5.3 What doesn’t work
Fixed-frequency positional encodings (Vaswani-style) assume evenly-spaced positions and predetermined scales. They can’t adapt to the data’s actual periodicities and don’t handle irregular timestamps.
Time2Vec learns periodic activations but uses a single linear component (no regularization, no gating, no multi-scale initialization). On our benchmark it learns slower and generalizes worse, particularly on random-context data where multi-scale temporal reasoning is essential.
Calendar decomposition (embed hour, weekday, month separately) works when those are the right features.

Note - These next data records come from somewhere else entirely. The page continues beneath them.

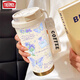 Thermos Simple Butterfly Thermos (Thermos) en acier inoxydable portable à double boisson tasse de café 2025 Nouvelle tasse d'eau de paille féminine BW1049 Butfly rose foncé A + avec longe 316 en acier inoxydable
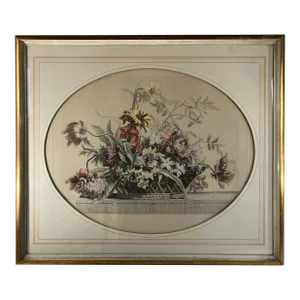 French Hand Colored Floral Engraving Framed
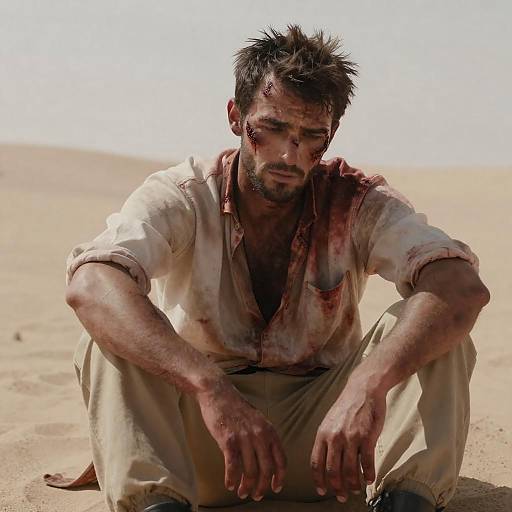 Injured Man Sitting in Desert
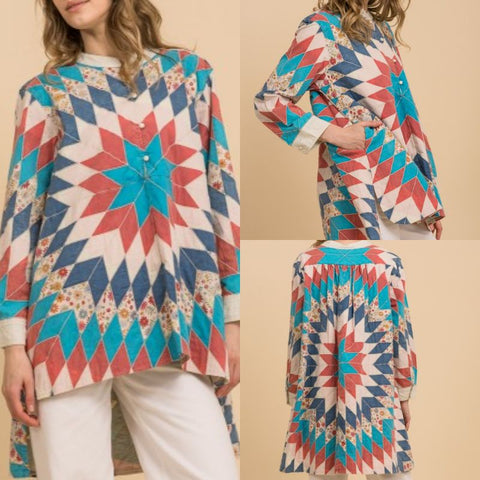 Quiltwork Vintage Inspired High-Low Tunic Top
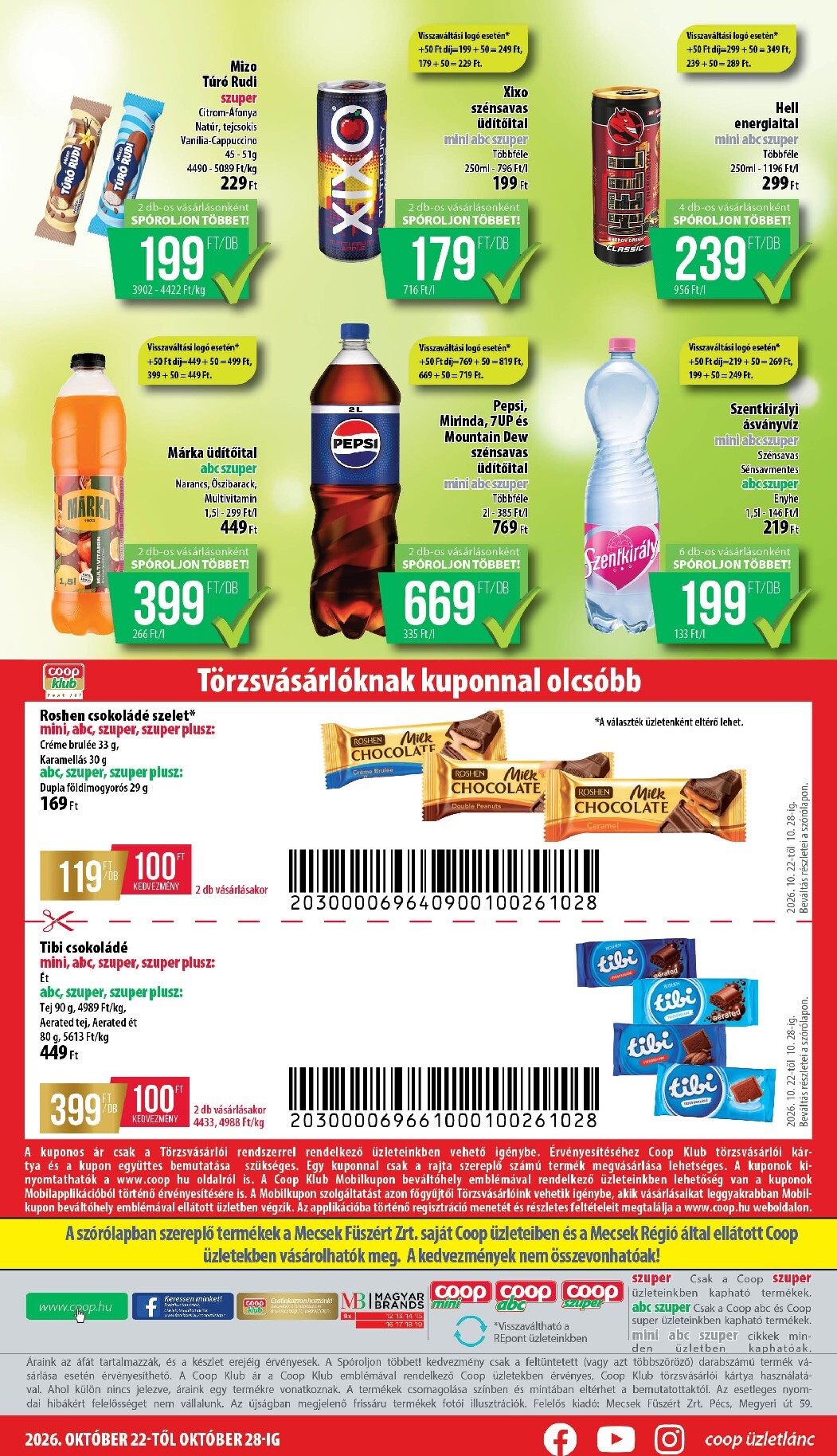 coop - A jövőbeli Coop - Mecsek akciós újság csütörtöktől 2026.10.22.-tól szerdától 2026.10.28.-ig érvényes. - page: 8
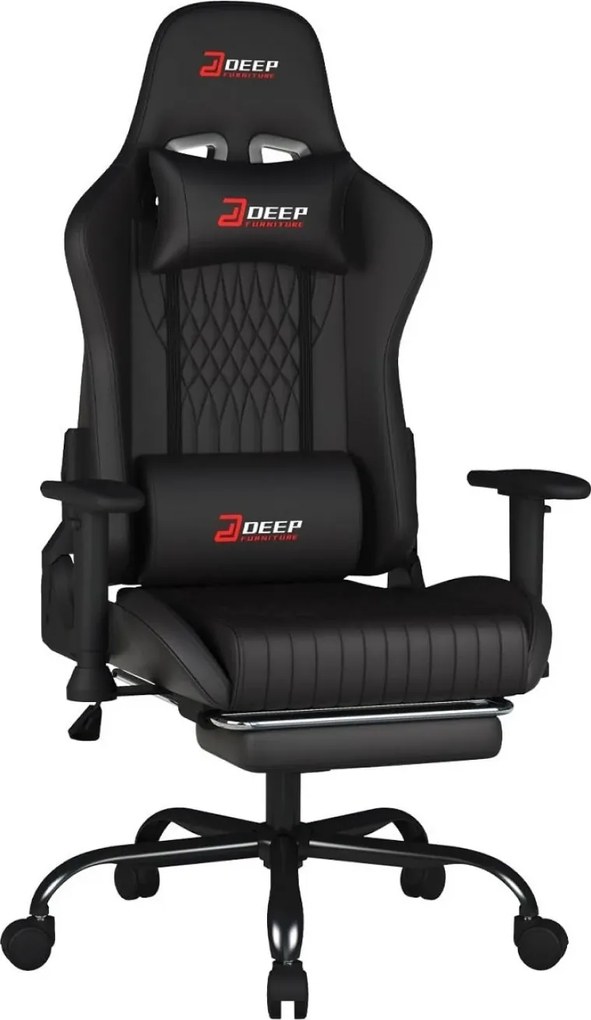 Scaun gaming, Pernă lombară cu Masaj vibrator, Suport pentru picioare, Cotiere 2D, piele PU, Negru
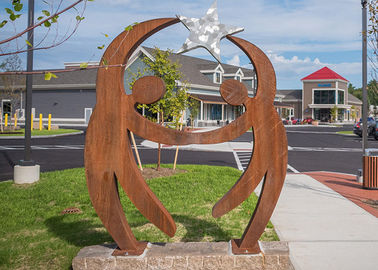 Bom preço. Figura moderna revestimento oxidado do metal da boa vinda do parque da escultura de aço exterior de Corten on-line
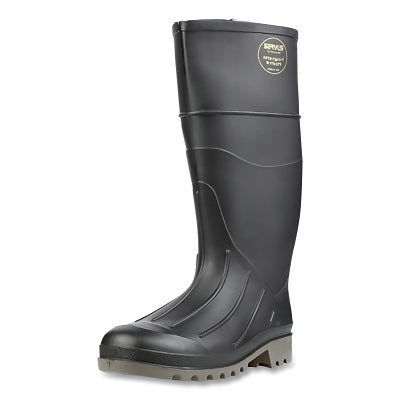 Iron Duke Boots, Steel Toe, Size 9, 15 in H, PVC, Black/Gray Sole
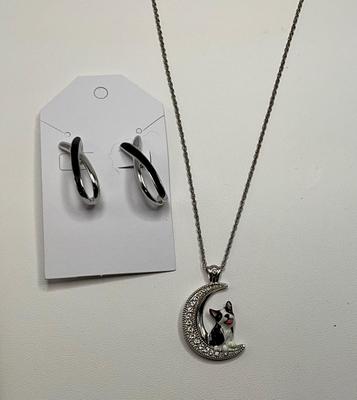 Puppy on the moon NK w/crystals and Black/Silver Pierced earrings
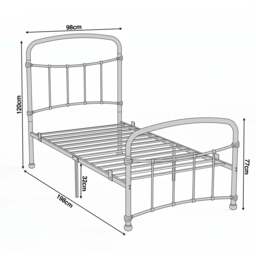 Metal Bed Frame with Curved Headboard, Single, Double and King - thumbnail 3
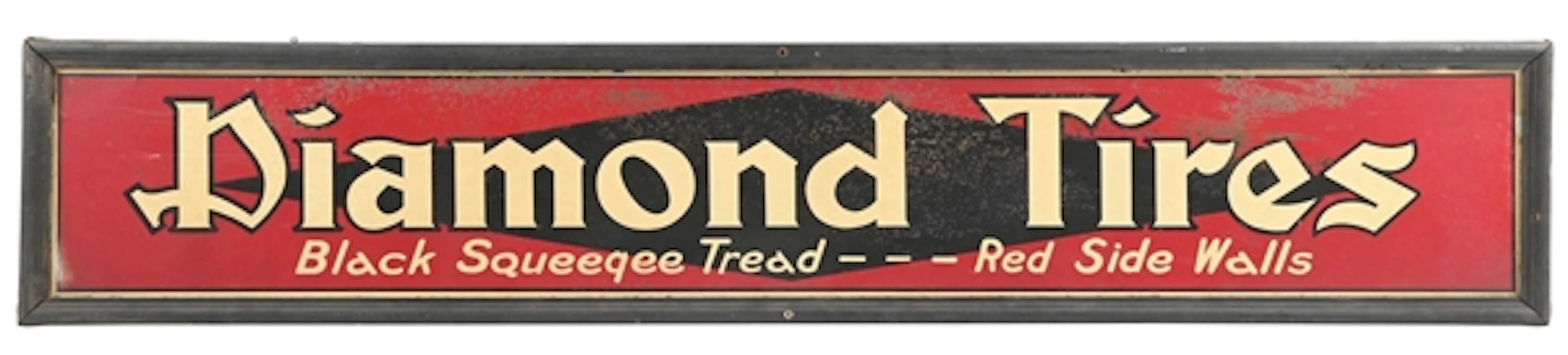 DIAMOND TIRES TIN SERVICE STATION SIGN W/ ORIGINAL WOOD FRAMING.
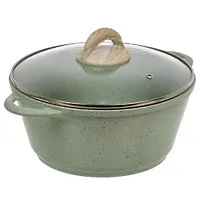 Кастрюля алюминий, антипригарное покрытие, 3 л, с крышкой, крышка стекло, круглая, Гурман, Мята, ГМк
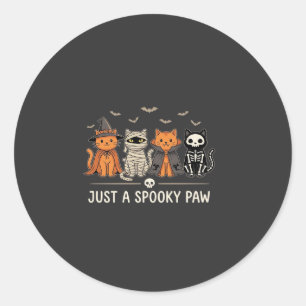 Spooky Paw Halloween Cat Costume Vector Design_1 Classic Round Sticker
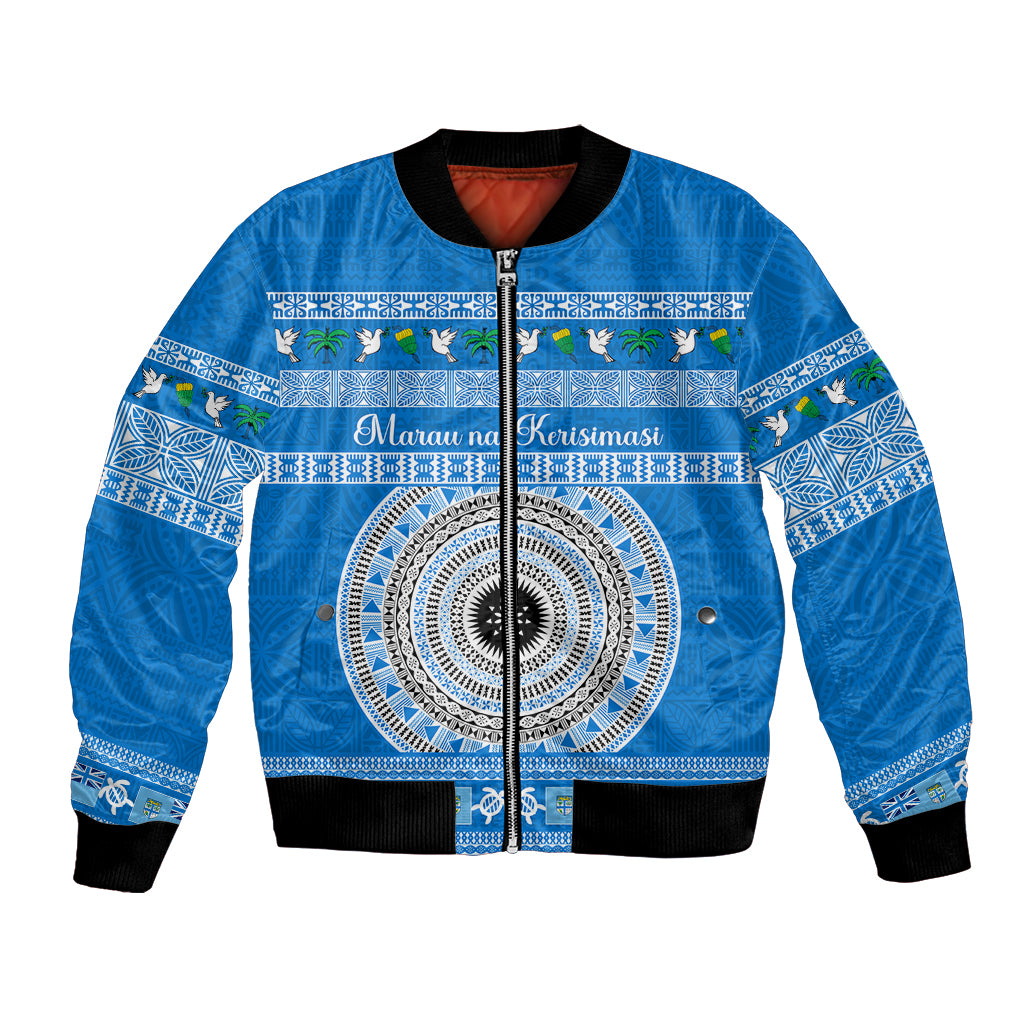 Personalised Fiji Marau Na Kerisimasi Bomber Jacket Merry Christmas Tapa Pattern Blue Style LT9 - Wonder Print Shop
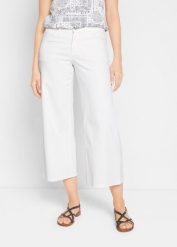 Jeansy culotte, mid waist (2 pary). Niebieskie jeansy damskie bonprix. Za 189.99 zł.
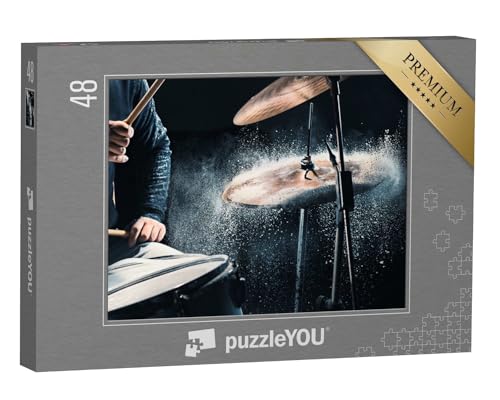 puzzleYOU: Puzzle 48 Teile „Schlagzeuger an seinem Instrument“ – aus der Puzzle-Kollektion Musik, Menschen von puzzleYOU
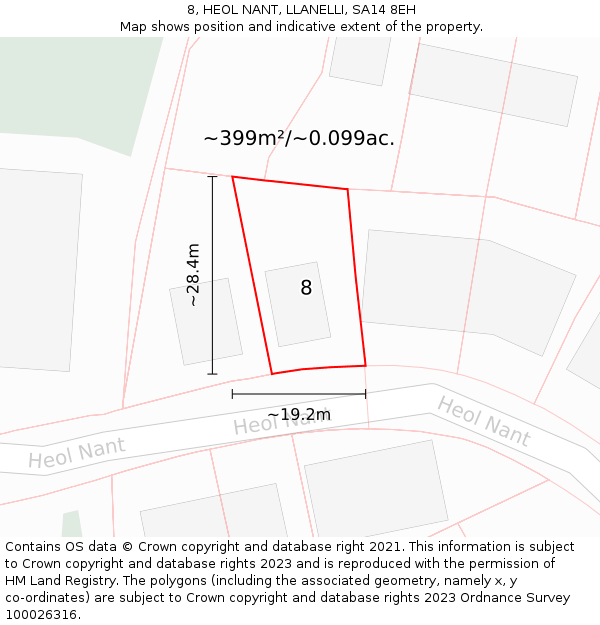 8, HEOL NANT, LLANELLI, SA14 8EH: Plot and title map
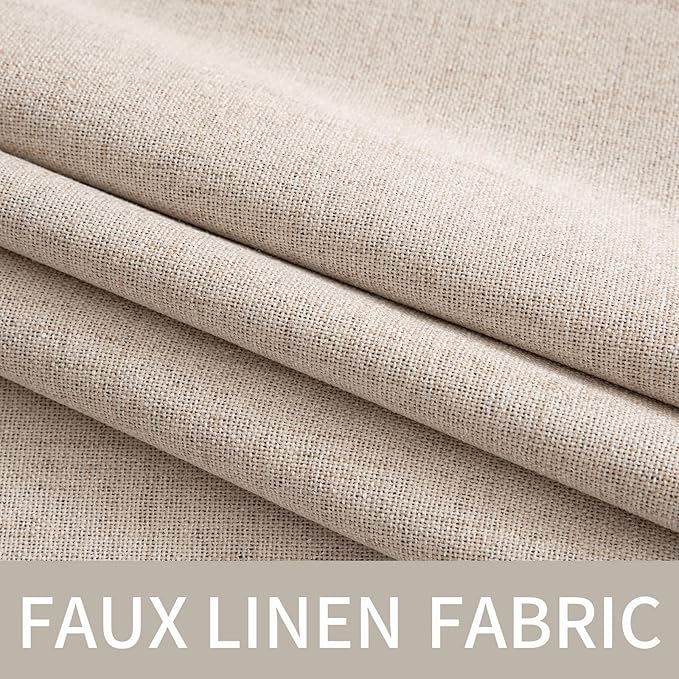 MIULEE Linen Texture Curtains Soild 100% Blackout Thermal Insulated Natural Beige Grommet Room Darkening Curtains & Drapes for Living Room Bedroom Nursery 42 x 90 (2 Panels)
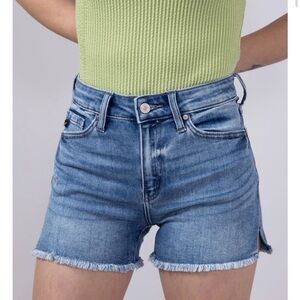 KanCan High Rise 3” Sz 11 Light Blue Distressed Frayed Y2K Denim Jean Shorts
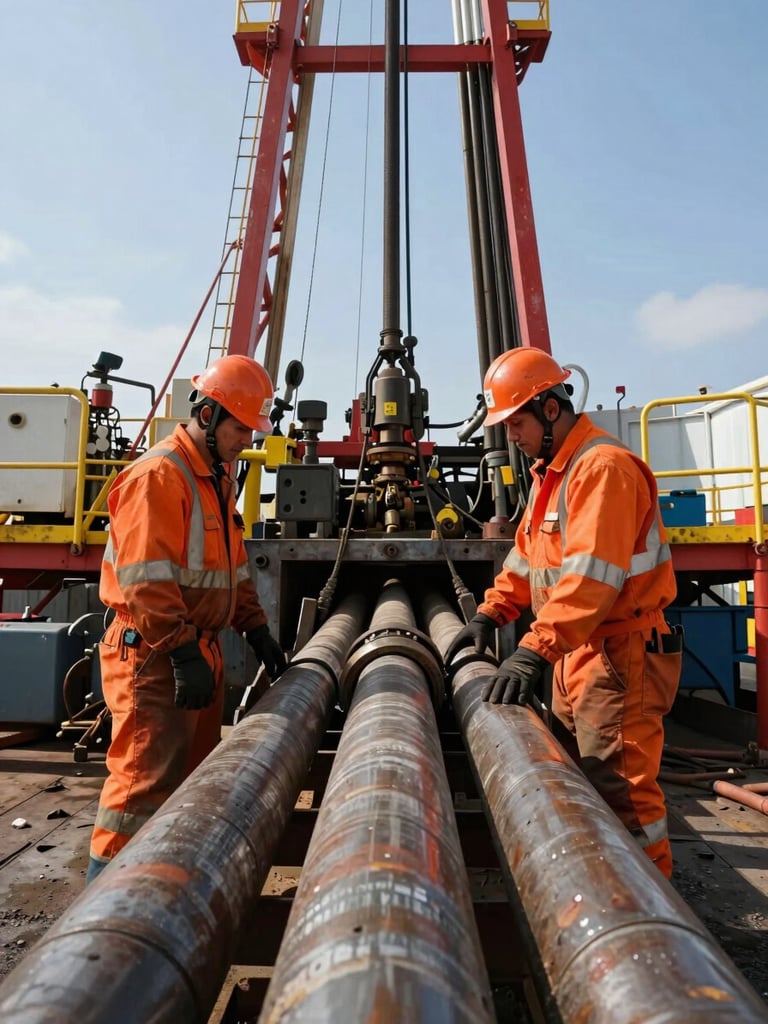 Close-up ground-level view of two workers in full orange safety gear and hard hats on an active drilling platform, heavy drill pipe and rigging in the foreground, oil derrick structure rising behind them under clear daylight, industrial steel surfaces sharp and detailed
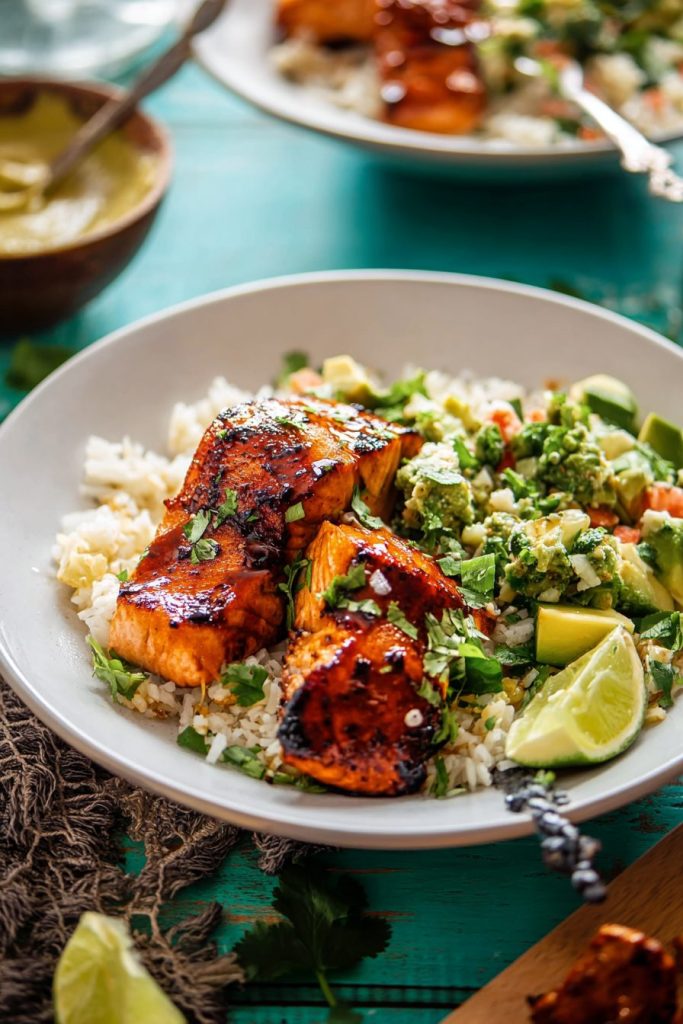 chipotle honey salmon bowls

It fails when the relevant periodicity is, say, 11 days, or 3.5 cycles across an arbitrary date range. It also can’t handle sub-day timestamps or multi-year trends without being manually extended.
6. Conclusion
A raw Unix timestamp contains all temporal information at every scale. The gated dual-pathway encoding extracts it through learnable oscillators spanning 13 orders of magnitude, blended with a regularized trend pathway via an adaptive gate. No feature engineering, no calendar assumptions, no predetermined time scales.
The encoding is a general-purpose temporal representation module. It slots into any architecture that needs temporal context — time-series transformers, sequential decision models, or systems that must reason about when in addition to what. It works because it starts with maximum coverage and lets gradient descent do the selection.
References
- Vaswani, A. et al. “Attention Is All You Need.” NeurIPS, 2017.
- Kazemi, S. M. et al. “Time2Vec: Representing Time in Neural Networks.” NeurIPS, 2019.